[Data extract — start]
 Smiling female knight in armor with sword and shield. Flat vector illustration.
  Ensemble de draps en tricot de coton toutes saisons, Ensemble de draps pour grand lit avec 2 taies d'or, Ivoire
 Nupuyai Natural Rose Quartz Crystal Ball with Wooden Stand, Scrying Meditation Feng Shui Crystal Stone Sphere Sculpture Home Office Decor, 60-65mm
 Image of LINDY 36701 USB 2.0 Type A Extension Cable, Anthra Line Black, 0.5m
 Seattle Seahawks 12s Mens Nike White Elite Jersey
[Data extract — finish]
[Data extract — start]
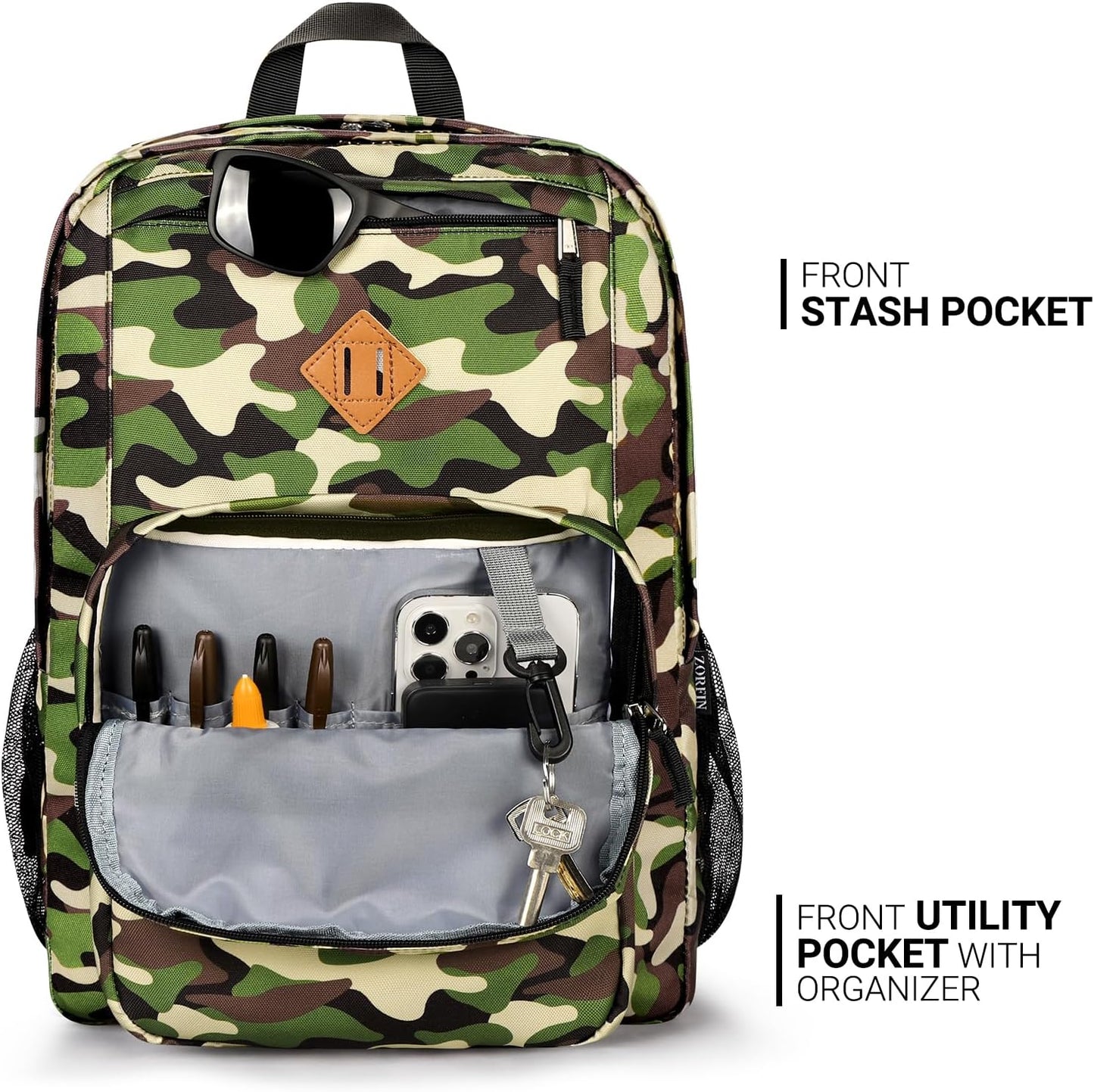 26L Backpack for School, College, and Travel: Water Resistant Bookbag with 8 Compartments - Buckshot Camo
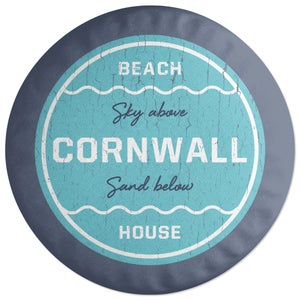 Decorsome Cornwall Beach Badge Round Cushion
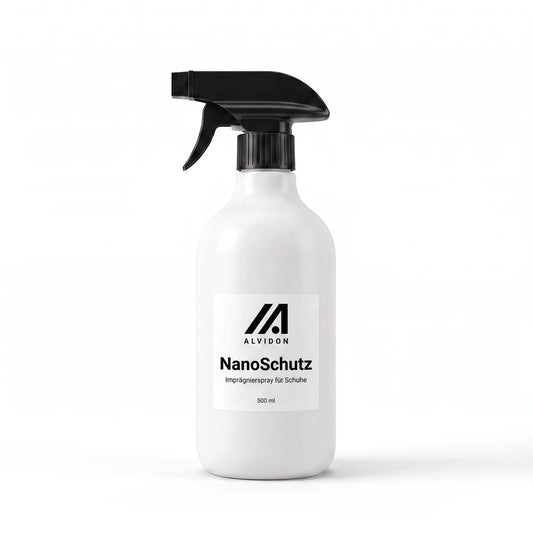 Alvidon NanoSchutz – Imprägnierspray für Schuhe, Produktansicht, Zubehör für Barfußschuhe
[Data extract — finish]
| Goal of the exercise |
Would you print, exactly as written, every line above from the one holding "Smiling female knight" through the one holding "Ensemble de draps en", with both included and no other lines?

| Result of this task |
 Smiling female knight in armor with sword and shield. Flat vector illustration.
  Ensemble de draps en tricot de coton toutes saisons, Ensemble de draps pour grand lit avec 2 taies d'or, Ivoire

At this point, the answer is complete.